# Task to carry out
From the first line of the records below, transcribe each line exactly up to and including the one with "Some examples of"; pictures stay out.
(Beginning of Provided records)
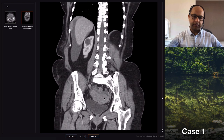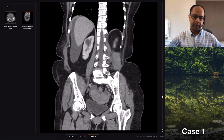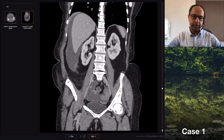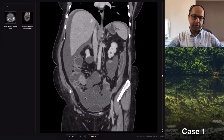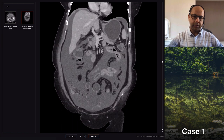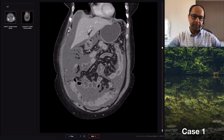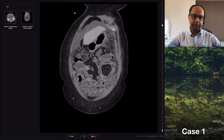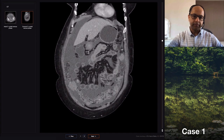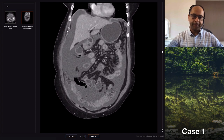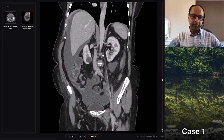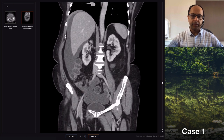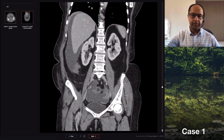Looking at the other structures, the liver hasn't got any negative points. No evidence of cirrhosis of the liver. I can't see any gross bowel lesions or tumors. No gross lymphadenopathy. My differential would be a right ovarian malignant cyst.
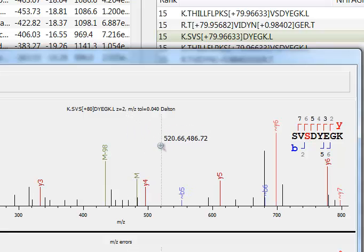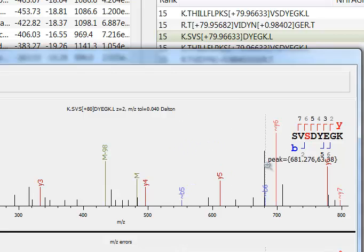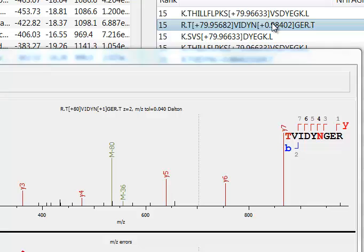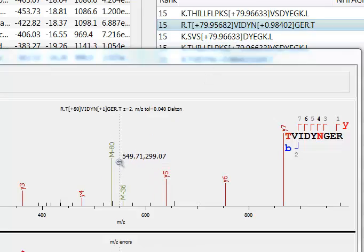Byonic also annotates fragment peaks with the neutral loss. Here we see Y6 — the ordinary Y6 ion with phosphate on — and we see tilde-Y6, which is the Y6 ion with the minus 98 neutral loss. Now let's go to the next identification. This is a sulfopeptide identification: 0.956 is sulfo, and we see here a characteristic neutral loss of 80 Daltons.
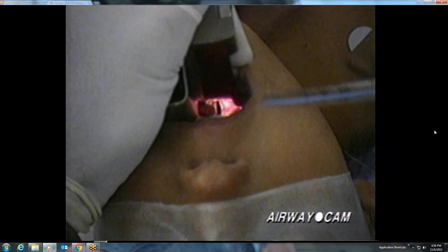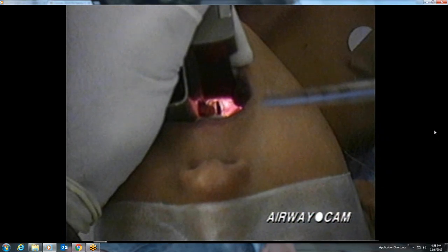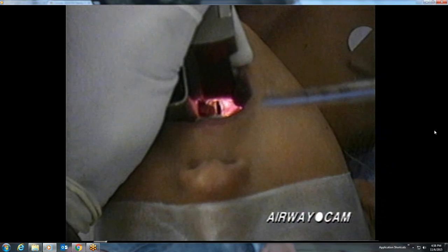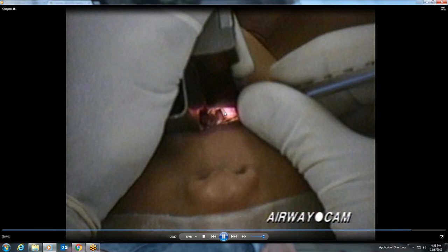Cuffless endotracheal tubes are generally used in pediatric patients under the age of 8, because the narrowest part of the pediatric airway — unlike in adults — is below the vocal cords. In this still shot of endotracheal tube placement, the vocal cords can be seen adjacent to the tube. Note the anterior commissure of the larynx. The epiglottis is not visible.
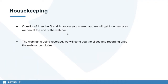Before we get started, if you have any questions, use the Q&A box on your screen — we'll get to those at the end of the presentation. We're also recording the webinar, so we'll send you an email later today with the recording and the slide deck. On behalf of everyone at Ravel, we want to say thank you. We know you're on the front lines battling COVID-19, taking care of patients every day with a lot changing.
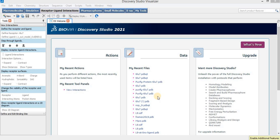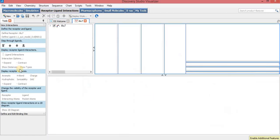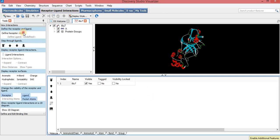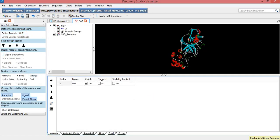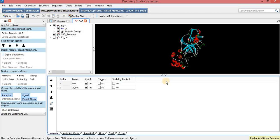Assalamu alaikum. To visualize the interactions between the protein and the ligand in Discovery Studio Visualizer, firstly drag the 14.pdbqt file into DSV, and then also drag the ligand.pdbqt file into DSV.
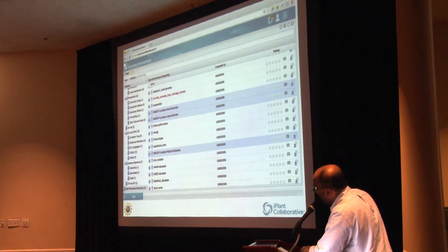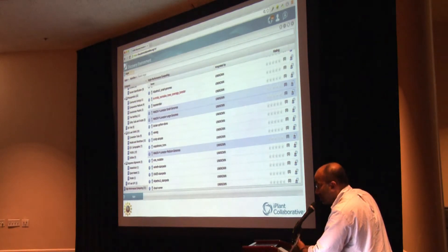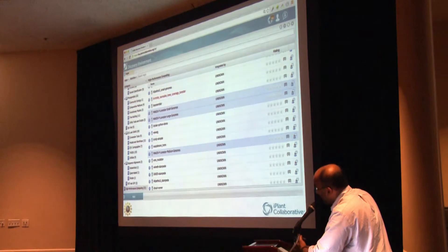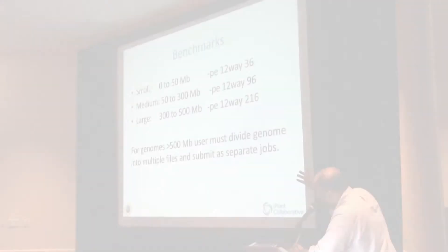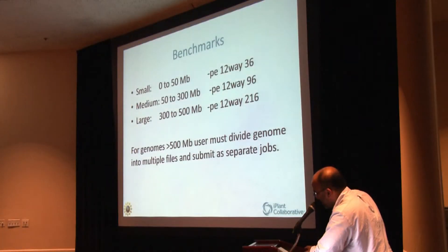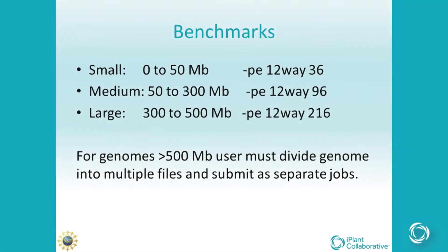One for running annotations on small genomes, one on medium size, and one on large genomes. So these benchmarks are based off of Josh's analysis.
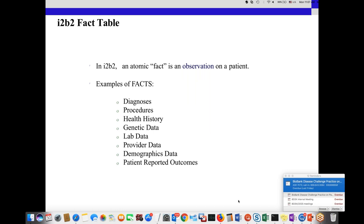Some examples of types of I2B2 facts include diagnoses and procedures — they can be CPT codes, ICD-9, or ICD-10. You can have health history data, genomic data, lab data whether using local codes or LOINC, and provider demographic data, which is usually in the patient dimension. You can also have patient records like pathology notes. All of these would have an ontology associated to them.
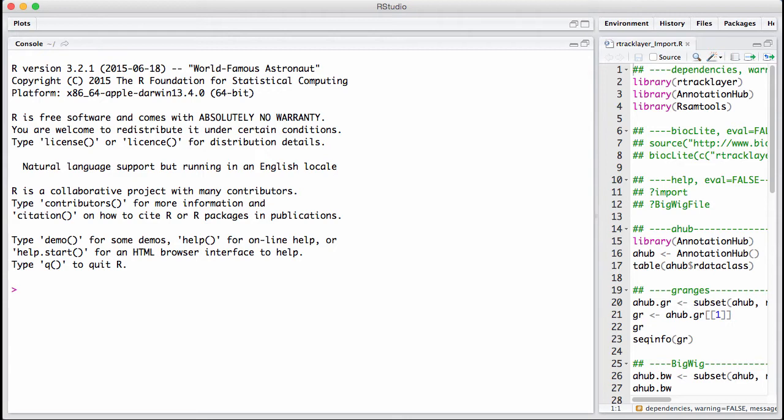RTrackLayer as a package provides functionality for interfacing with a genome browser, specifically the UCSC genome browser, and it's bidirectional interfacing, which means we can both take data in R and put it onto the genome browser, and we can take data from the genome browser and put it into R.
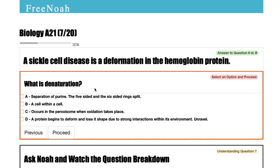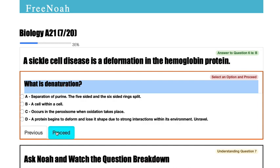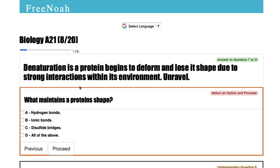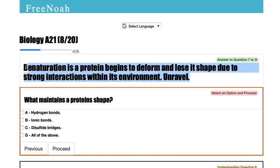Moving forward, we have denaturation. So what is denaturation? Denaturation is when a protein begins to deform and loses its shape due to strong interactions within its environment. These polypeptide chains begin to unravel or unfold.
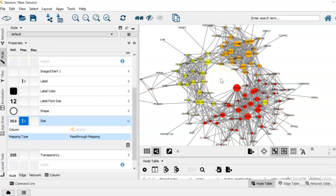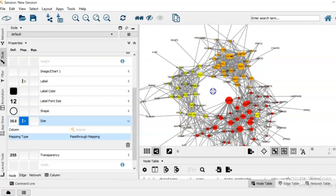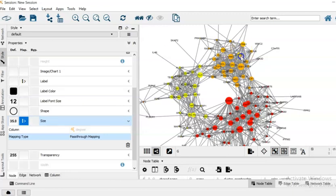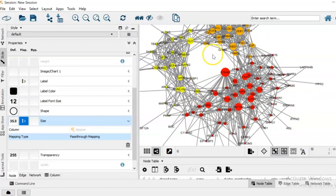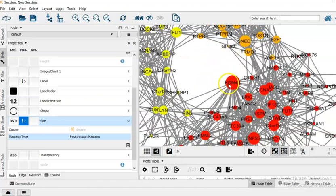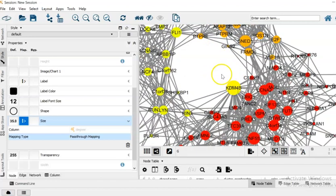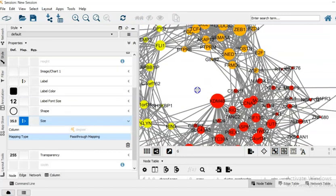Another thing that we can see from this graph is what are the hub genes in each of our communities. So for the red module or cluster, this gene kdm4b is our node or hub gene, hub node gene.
(End of Provided records)
# Final answer
Looking at the other structures, the liver hasn't got any negative points. No evidence of cirrhosis of the liver. I can't see any gross bowel lesions or tumors. No gross lymphadenopathy. My differential would be a right ovarian malignant cyst.
Byonic also annotates fragment peaks with the neutral loss. Here we see Y6 — the ordinary Y6 ion with phosphate on — and we see tilde-Y6, which is the Y6 ion with the minus 98 neutral loss. Now let's go to the next identification. This is a sulfopeptide identification: 0.956 is sulfo, and we see here a characteristic neutral loss of 80 Daltons.
Cuffless endotracheal tubes are generally used in pediatric patients under the age of 8, because the narrowest part of the pediatric airway — unlike in adults — is below the vocal cords. In this still shot of endotracheal tube placement, the vocal cords can be seen adjacent to the tube. Note the anterior commissure of the larynx. The epiglottis is not visible.
Before we get started, if you have any questions, use the Q&A box on your screen — we'll get to those at the end of the presentation. We're also recording the webinar, so we'll send you an email later today with the recording and the slide deck. On behalf of everyone at Ravel, we want to say thank you. We know you're on the front lines battling COVID-19, taking care of patients every day with a lot changing.
Assalamu alaikum. To visualize the interactions between the protein and the ligand in Discovery Studio Visualizer, firstly drag the 14.pdbqt file into DSV, and then also drag the ligand.pdbqt file into DSV.
One for running annotations on small genomes, one on medium size, and one on large genomes. So these benchmarks are based off of Josh's analysis.
Some examples of types of I2B2 facts include diagnoses and procedures — they can be CPT codes, ICD-9, or ICD-10. You can have health history data, genomic data, lab data whether using local codes or LOINC, and provider demographic data, which is usually in the patient dimension. You can also have patient records like pathology notes. All of these would have an ontology associated to them.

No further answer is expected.